[SUPPLIED DATA]
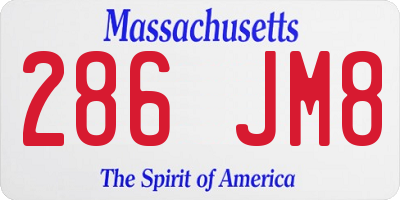 MA license plate 286JM8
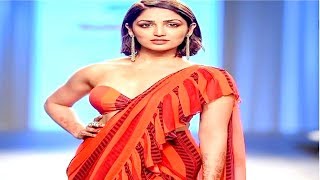 Yami Gautam Looking So Stunning In A Hot Red Saree At The Times Fashion Week 2018
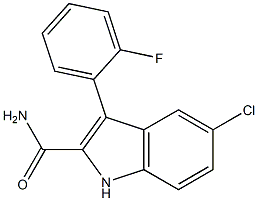 5-Chloro-3-(2-fluorophenyl)-1H-indole-2-carboxamide Struktur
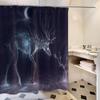 Cortina de ducha impermeable y a prueba de moho, con impresión artística de alce de acuarela transfronterizo personalizado, 2018, fabricantes de cuentas de ducha
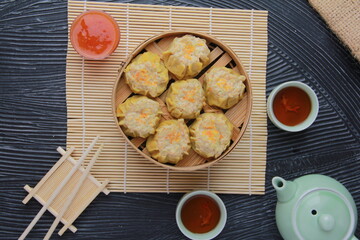 siomay dimsum filled with prawns, chicken, spring onions, top view angle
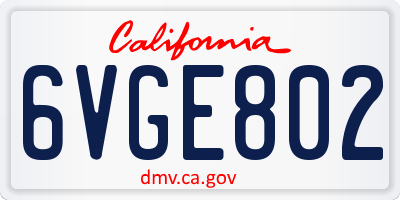 CA license plate 6VGE802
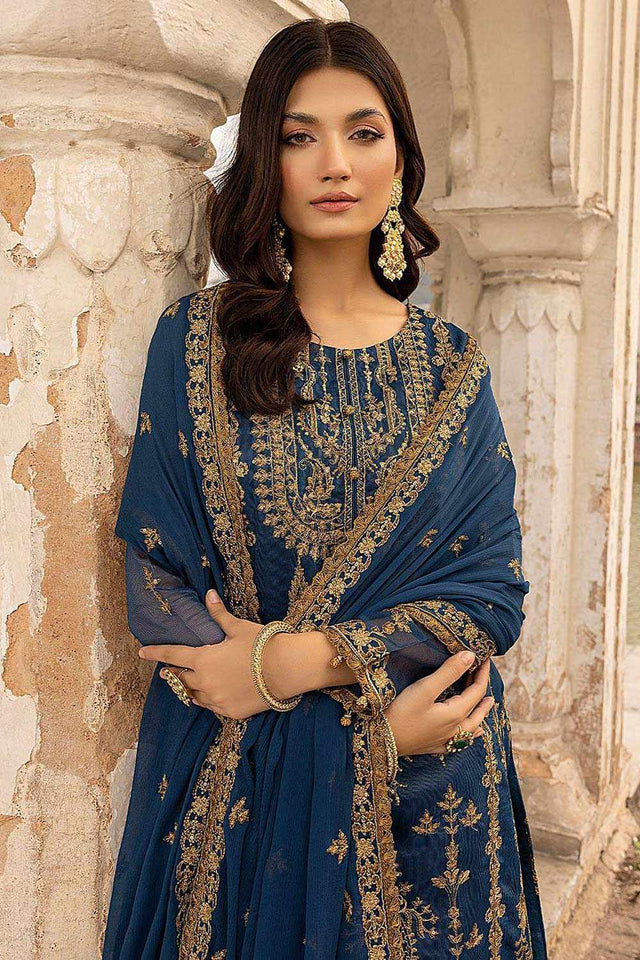 Blue Floral Embroidered With Sequins Georgette Salwar Suit Set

[WHAT THIS TASK INVOLVES]
Only the lines from the one with "Yami Gautam Looking" through the last line of the records above are wanted, copied exactly and with pictures omitted.

[RESULT]
 Yami Gautam Looking So Stunning In A Hot Red Saree At The Times Fashion Week 2018
 5-Chloro-3-(2-fluorophenyl)-1H-indole-2-carboxamide Struktur
 Cortina de ducha impermeable y a prueba de moho, con impresión artística de alce de acuarela transfronterizo personalizado, 2018, fabricantes de cuentas de ducha
 siomay dimsum filled with prawns, chicken, spring onions, top view angle
 CA license plate 6VGE802
 Blue Floral Embroidered With Sequins Georgette Salwar Suit Set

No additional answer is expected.